The disappearance of Mr. Krabs’ (the owner of Krusty Krab) Krabby Patty recipe has caused pandemonium in Bikini Bottom, where our hero SpongeBob, a sea sponge, works as a cook. If you had to re-read that, you are clearly unfamiliar with the SpongeBob franchise. As the adage goes, familiarity breeds contempt, but in this case, familiarity is crucial for your enjoyment.
The first thing that caught my eye was that the film was in 2D. Considering that a large portion of the trailer showed the characters in 3D and in live-action scenes, it was evident that the 2D scenes would make way soon for 3D. It’s quite an interesting idea as it’s not every day that you have a film that is part 2D and part 3D. Unfortunately, I found this shift rather jittery when it eventually came after the interval — yes, it takes that long. So, if you’re one of those people who can’t stomach 2D animation for too long, this is probably not the film for you. The rather abrupt change in the film’s setting and its format is probably a gimmick to tackle the challenge of expanding a 20-minute Nickelodeon show into a feature film, while remaining loyal to the show’s fans. Even the first film, The SpongeBob SquarePants Movie (2004) did this in a smaller way.

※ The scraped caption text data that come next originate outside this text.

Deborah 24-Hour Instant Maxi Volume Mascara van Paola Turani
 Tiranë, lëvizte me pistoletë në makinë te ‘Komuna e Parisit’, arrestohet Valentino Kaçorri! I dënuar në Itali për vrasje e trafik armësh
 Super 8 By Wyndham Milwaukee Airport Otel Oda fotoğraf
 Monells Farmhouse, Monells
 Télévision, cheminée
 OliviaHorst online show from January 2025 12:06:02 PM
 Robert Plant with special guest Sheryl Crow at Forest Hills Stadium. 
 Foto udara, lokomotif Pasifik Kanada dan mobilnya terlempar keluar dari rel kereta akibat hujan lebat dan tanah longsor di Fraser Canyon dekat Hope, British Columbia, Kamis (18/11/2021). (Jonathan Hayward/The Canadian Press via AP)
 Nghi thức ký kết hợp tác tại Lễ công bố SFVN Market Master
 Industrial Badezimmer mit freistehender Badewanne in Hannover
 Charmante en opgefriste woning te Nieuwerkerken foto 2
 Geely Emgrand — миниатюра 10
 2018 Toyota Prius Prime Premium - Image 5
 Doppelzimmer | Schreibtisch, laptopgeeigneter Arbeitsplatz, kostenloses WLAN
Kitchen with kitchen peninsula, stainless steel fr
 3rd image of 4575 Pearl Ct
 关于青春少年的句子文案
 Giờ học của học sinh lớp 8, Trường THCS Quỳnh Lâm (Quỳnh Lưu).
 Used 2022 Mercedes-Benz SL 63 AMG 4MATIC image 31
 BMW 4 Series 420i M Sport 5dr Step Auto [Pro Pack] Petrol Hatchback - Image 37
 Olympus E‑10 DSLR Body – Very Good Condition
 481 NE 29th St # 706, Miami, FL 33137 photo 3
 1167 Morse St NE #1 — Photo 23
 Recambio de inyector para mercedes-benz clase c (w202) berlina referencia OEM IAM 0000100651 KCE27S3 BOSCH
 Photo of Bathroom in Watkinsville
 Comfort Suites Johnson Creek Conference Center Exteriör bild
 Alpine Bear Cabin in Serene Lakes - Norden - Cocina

Sponge Out of Water is in a way the movie equivalent of Benjamin Button. Its opening half is relevant to adults too, but as it goes on, it seems to appeal more and more to the younger ones, with the emphasis getting stronger on slapstick humour.
There are two stories here — one when the first film’s villain Plankton (Mr. Lawrence) continues to be rogue, and the other that has him turning over a new leaf (or does he really?) to help SpongeBob (Tom Kenny) reclaim the Krabby Patty recipe. Gripping story or otherwise, the film does its best to keep you laughing, or at the very least amused. Joke after joke rains on you, much like the mayonnaise that’s unleashed by SpongeBob on Plankton during the highly enjoyable underwater battle in the opening half. Before you can make up your mind about the quality of a joke, there’s another one. And before you can digest it, uh oh, here comes another. If you’re able to sit through the disjointed, chaotic mess that is the storyline, it’s only because every scene is treated as a comedy set piece. There are puns so bad that they are funny. As SpongeBob gears up to attack Plankton with pickles, he yells, “You’re in a pickle now!” You glower at the screen but secretly think, “Lol.” There’s another. Plankton turns into a Hulk-like superhero at the end, and when questioned about his musculature and large size, he quips, “Plank Tonne.” There’s no fighting these jokes. You just have to look at your partner, and grin as you would if it were your bad joke.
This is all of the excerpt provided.